Coventry Health Care Prior (Rx) Authorization Form

Updated December 31, 2021

A Coventry Health Care prior authorization form is used to to verify that a patient’s health insurance plan will in fact cover the cost of a prescription. Individuals enrolled in one of Coventry Health Care’s (CHC) insurance plans will often need their prescriptions approved by CHC before medical coverage can be given. This form is a general request form; medications requiring additional information (test results, clinical notes, etc.) will require a form specific to that medication. See what medications are covered by CHC by visiting their website.

  • Fax: 1 (877) 554-9137
  • Phone: 1 (877) 215-4100

How to Write

Step 1 – In the first set of fields, fill in the following information related to the medical office: name of requesting physician, name of office, call center ID, tax ID number, plan ID number, benefit, office fax number, phone number, office address.

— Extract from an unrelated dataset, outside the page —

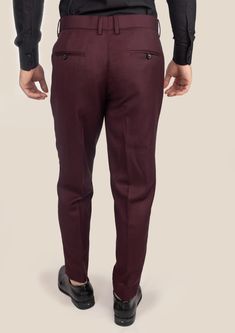 Unleash your daring style with our Deep Burgundy Birdseye Pants. Custom made from premium Super 120s pure merino wool, these luxurious pants will have you feeling like the best dressed wherever you go. Show off your sharp sense of fashion and stand out from the crowd. Luxury Wool Trousers, Luxury Wool Bottoms For Business Casual, Semi-formal Wool High-waisted Pants, Semi-formal High-waisted Wool Bottoms, Semi-formal High-waisted Wool Pants, Wool Business Casual Long Pants, Wool Bottoms For Business Casual, Luxury Wool Bottoms With Pressed Crease, Luxury High-waisted Wool Bottoms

Step 2 – In “Member Information”, provide the patient’s name, date of birth, member ID number, and the date of request.

Step 3 – In “Medical Information (1)”, specify the name of the requested drug, dosage, and duration.

Step 4 – In “Medical Information (2)”, specify the diagnosis.

Step 5 – In “Medical Information (3)”, list all other formulary agents tried (drug, date(s) used, and the outcome).

Step 6 – In “Medical Information (4)”, provide any information to support the request.

Step 7 – The physician’s signature is required in the last available field.